Lungi dall’essere un generoso gesto individuale questa pratica sociale è limitata ai pochi paesi che hanno introdotto la validità del contratto di surrogazione, proposto da imprese che si occupano di riproduzione umana in un sistema organizzato che comprende cliniche, medici, avvocati, agenzie, tutti mossi dal proprio interesse monetario. Nella maternità surrogata non ci sono né doni né donatrici, ma solo affari e attività lucrative promosse dal desiderio genitoriale di persone del primo mondo.

Questo sistema ha bisogno di donne come mezzi di produzione, in modo che la gravidanza e il parto diventino un mestiere (nemmeno riconosciuto come tale, in nessun luogo) e i neonati dei prodotti con un valore di scambio. L’invasione del mercato in tutti gli ambiti della vita – sanità, istruzione, servizi una volta detti pubblici – con la globalizzazione rischia così di arrivare alla riproduzione umana. Diciamo no a prestazioni lavorative che invadono il nostro stesso corpo e mercificano un nuovo essere umano, che diventa il prodotto della gravidanza.

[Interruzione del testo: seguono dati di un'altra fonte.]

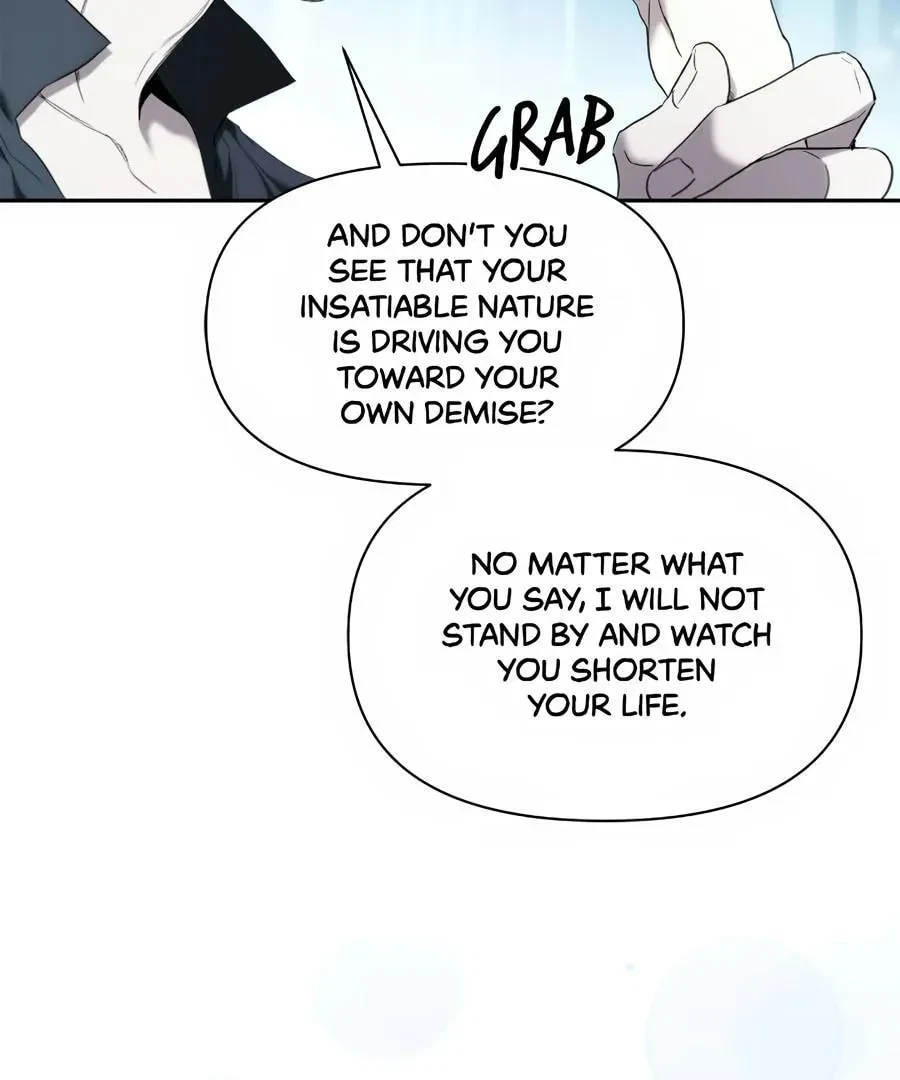 Chapter 51.2, page 78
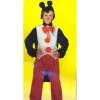 DISFRAZ RATÓN INFANTIL 1 DISFRAZ RATÓN INFANTIL -Magasin Comarfi disfraz raton infantil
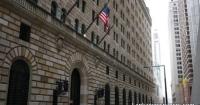 European Banks Rush to Repatriate Gold Reserves From the United States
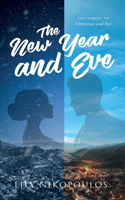New Year and Eve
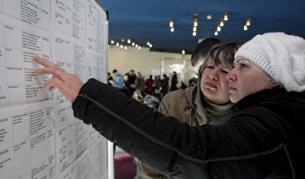 8,23% е безработицата през октомври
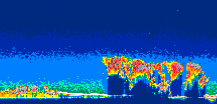 /calipso-imagery/data/BROWSE/production/V5-00/2019-09-07/2019-09-07_10-27-30_V5.00_3_thmb.png image missing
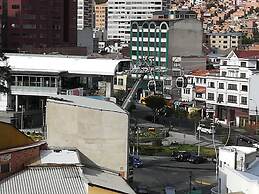 Meraki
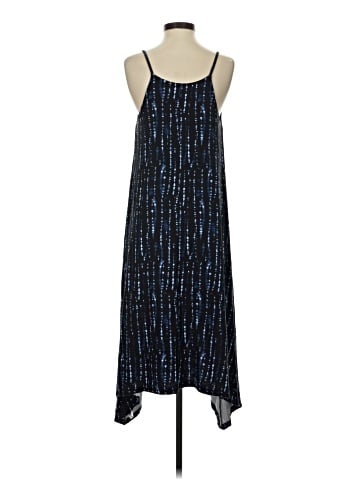 Tahari Cocktail Dress (view 2)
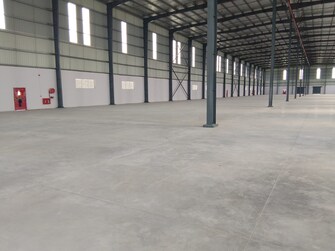 Commercial Warehouse 1000 Sq.Yd. For Rent in Sector 4 Faridabad  7968973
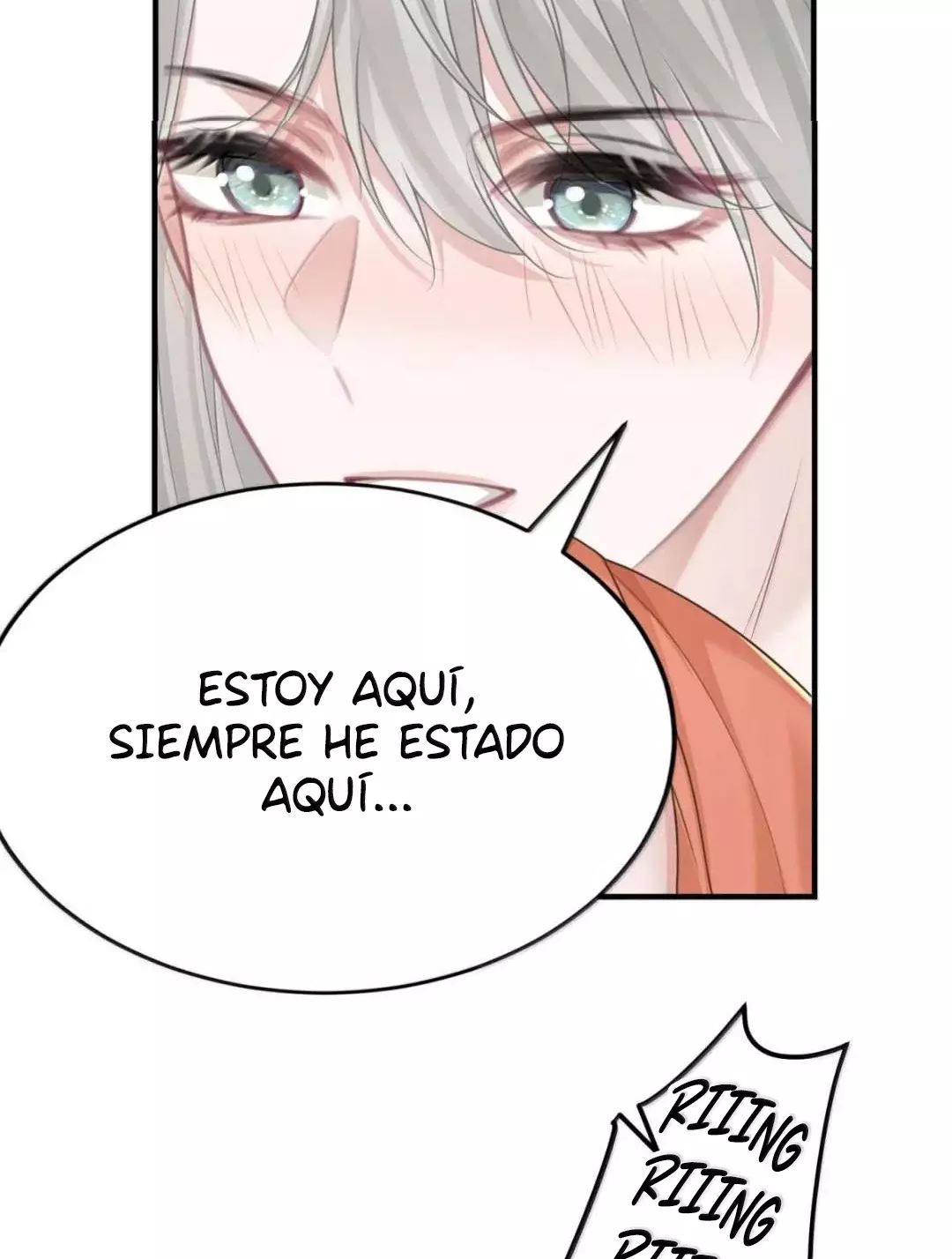 Página 44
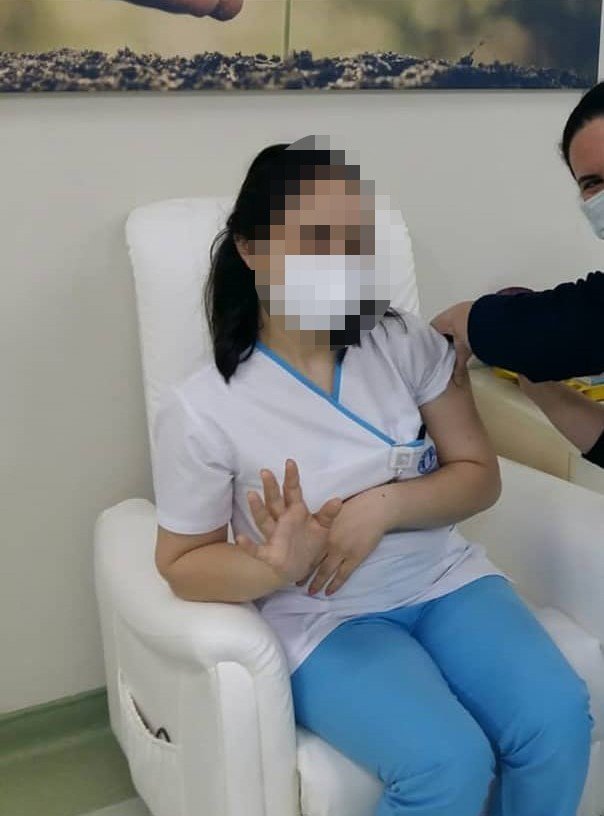 Maltepe’de Koca Dehşeti, Önce Hemşire Eşini Öldürmeye Kalktı, Sonra İntihar Etti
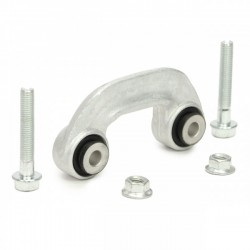 STABILIZÁTORKAPCSOLÓ AUDI, SKODA, VW 4D0411317K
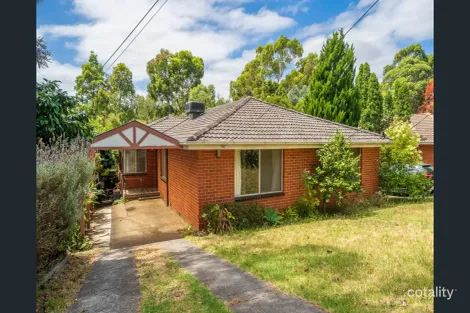 1/11 Ian Gr, Burwood, VIC 3125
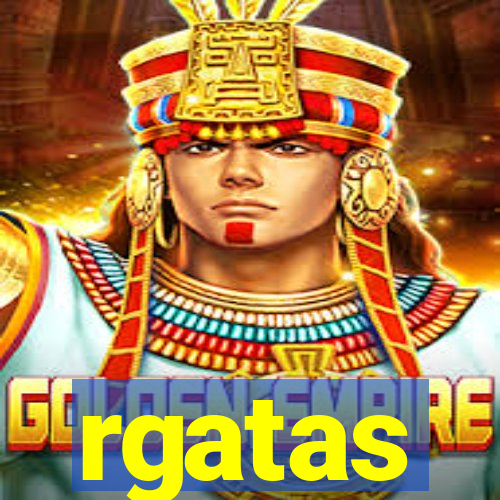 rgatas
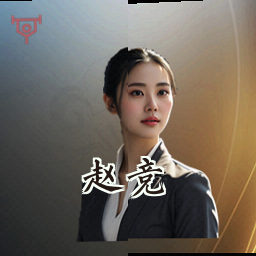 赵竞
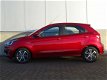 Ford Ka - 1.2 Trend Ultimate - 1 - Thumbnail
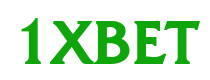 1xbet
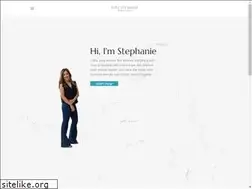 Sites similar to fitcitymom.com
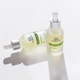 Заспокійлива сироватка CuSkin Clean-Up Calming Intensive Serum, 30 мл (221421) - зображення 2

Certe donne acconsentono a impegnarsi in tale contratto che aliena la loro salute, la loro vita e la loro persona (ad esempio attribuendo la decisione su eventuali aborti al medico che risponde ai committenti) sotto pressioni multiple: i rapporti di dominazione famigliari, sessisti, economici, geopolitici, e la sempreverde mistica della maternità – questa volta per altri – con la glorificazione dell’autosacrificio femminile, che rende felici i committenti, molto più spesso eterosessuali, in minore proporzione gay. Le madri surrogate infatti privilegiano il proprio rapporto con i committenti a quello con la loro creatura – rimanendo comunque prive di diritti rispetto alla frequentazione o all’informazione sul futuro dei figli che hanno affidato ad altri.

Non è accettabile diventare madre per altri obbligate da un contratto né seguendo le norme di regolamenti che normalizzano questa pratica avendo come conseguenza ultima la creazione di una sottoclasse di fattrici, che non possono considerare propria la creatura il cui sviluppo nutrono, anche con l’influenza epigenetica.

I neonati nati da contratto sono programmati per essere separati dalla madre alla nascita, non per cause di forza maggiore come quando la madre viene a mancare o decide di non riconoscerli causandone la messa in adozione, ma in modo predeterminato, togliendo loro la fonte ottimale di nutrimento e interrompendo la loro relazione privilegiata con la donna che li ha generati, fonte anche di rassicurazione.

Le convenzioni internazionali come la Convenzione ONU sui diritti del bambino (Stoccolma 1989) e la Convenzione sull’adozione internazionale (l’Aja 1993) garantiscono la continuità della vita familiare, cioè il diritto dell’infante a stare con la donna che lo ha partorito (cioè la madre), cui si può derogare solo nelle adozioni.

La convenzione del Consiglio d’Europa sulla biomedicina (Oviedo 1997) rende inoltre indisponibili al profitto le parti prelevate del corpo umano, come ad esempio gli ovociti.

Di conseguenza, in nome dell’autodeterminazione delle donne e dei diritti dei neonati, noi, firmatarie della dichiarazione:

  • rifiutiamo la mercificazione delle capacità riproduttive delle donne;
  • rifiutiamo la mercificazione dei bambini;
  • chiediamo a tutti i paesi di mantenere la norma di elementare buon senso per cui la madre legale è colei che ha partorito e non la firmataria di un contratto né l’origine dell’ovocita;
  • chiediamo a tutti i Paesi di rispettare le convenzioni internazionali per la protezione dei diritti umani e del bambino di cui sono firmatari e di opporsi fermamente a tutte le forme di legalizzazione della maternità surrogata sul piano nazionale e internazionale, abolendo le (poche) leggi che l’hanno introdotta.